2-21-71     10:50 a.m.

 

 

On the radio you are sharing the services of the First Baptist Church in Dallas.  This is the pastor bringing the message entitled The Sweetest Verse in the Bible.  I realize in nominating such nomenclature, such descriptive sentences, that I would be just, this is my personal reaction as I read through the Bible, and you would pick out another verse; but this is the one that to me is the sweetest verse in the Bible:  “And be ye kind one to another, tenderhearted, forgiving one another, even as God for Christ’s sake hath forgiven you” [Ephesians 4:32]

Now, there is a chapter heading right after that, chapter 5, Ephesians 5; but the chapter heading is misplaced:  it should have been two verses down.  And the reading of the whole text:  “Grieve not the Holy Spirit of God, wherein ye are sealed unto the day of redemption” [Ephesians 4:30]; and that was the sermon last Sunday morning.  Then, “And be ye kind one to another, tenderhearted, forgiving one another, even as God in Christ hath forgiven you” [Ephesians 4:32], and the passage continues, though there’s a chapter heading there:  “Be ye therefore,” the therefore continues the word, “Be ye therefore followers of God, as dear children; And walk in love, as Christ also hath loved us, and hath given Himself for us an offering and a sacrifice to God for a sweet-smelling savor” [Ephesians 5:1-2]; the golden altar of incense, with its perfume, its ascending sweet-smelling odor, coming up to God.  Now that’s the whole passage.

“Be ye therefore followers of God, as dear children, tekna agapēta” [Ephesians 5:1].  We are to God “tekna agapēta.”  Look at that.  John wrote in his first epistle, “God is agape” [1 John 4:8], a love that is oh so exalted; “God is agape.”  Then the apostle calls us here, “tekna agapēta”; we are children of God, born in His love [1 John 4:8].  We are wanted, we are desired, we are prayed for.  Don’t you see children that are unwanted?  Sometimes as foundlings they’re placed on a doorstep.  I have read where they are placed in ashcans.  Sometimes just to get rid of them they send them to a home.  That is so sad.  But this is so glad: we are tekna agapēta.  We are children born in the love and mercy and goodness of God; we are desired, we are wanted, we are prayed for, we are welcome, we are dear children of God.  And as such, he says, we are to be “mimētai of God,” mimētai.  Now you know that word:  a mimic, and our word imitator comes from it; a mimeograph, we are to be copyists of God, we are to imitate God.  What an admonition, and yet, if we love the Lord, you will find yourself unconsciously loving, following, inculcating, incarnating those sweet, precious characteristics that we see of God in Christ Jesus.  We are to be mimētai, mimics, imitators of God [Ephesians 5:1].

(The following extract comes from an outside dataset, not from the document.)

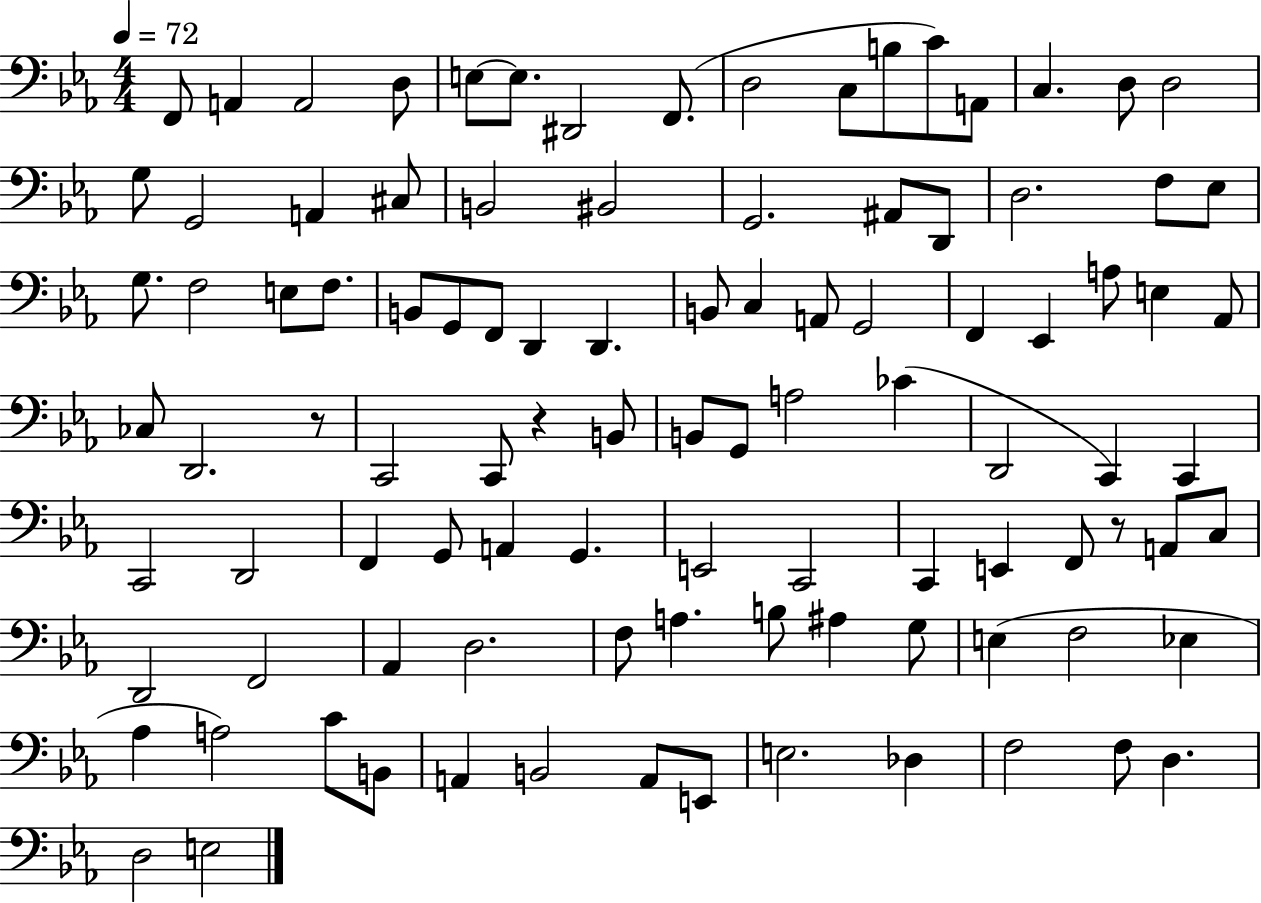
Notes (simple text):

Upon a day in the international airport in New York City, waiting for a plane to cross the ocean, it was delayed, I met a man who was at that time the governor of Maryland.  He is a gifted political leader; he delivered the keynote address at the Republican Convention that nominated President Richard Nixon.  He was there placing his daughter on a plane to cross the sea, and that plane also was delayed.  So I visited with him for a full hour.  Learning that I was a pastor, he began to talk to me about the things of God and of his family.  They all through their generations were Methodists.  And he began to talk about his mother, who must have been a very devout Christian woman.  And he said, “You know, my mother had an unusual and strange habit.  When she went down to the altar to kneel to take the Lord’s Supper,” and that’s the way they do in that church, they come and kneel, he said, “You know, my mother always took off her jewelry, took off her jewelry, took off her jewelry and put it in her purse when she knelt before the Lord to take the communion service.”  He said, “Did you know, as the days passed and I grew up, I found myself taking off my jewelry; take off my rings, take off my watch, take off my jewelry when I knelt to take the Lord’s Supper.”  And he said, “Pastor, did you know, last Sunday morning when I knelt there to take the Lord’s Supper, my teenage boy was kneeling by my side, and I saw him take off his jewelry, his rings, his watch, as he knelt by my side before the Lord.” 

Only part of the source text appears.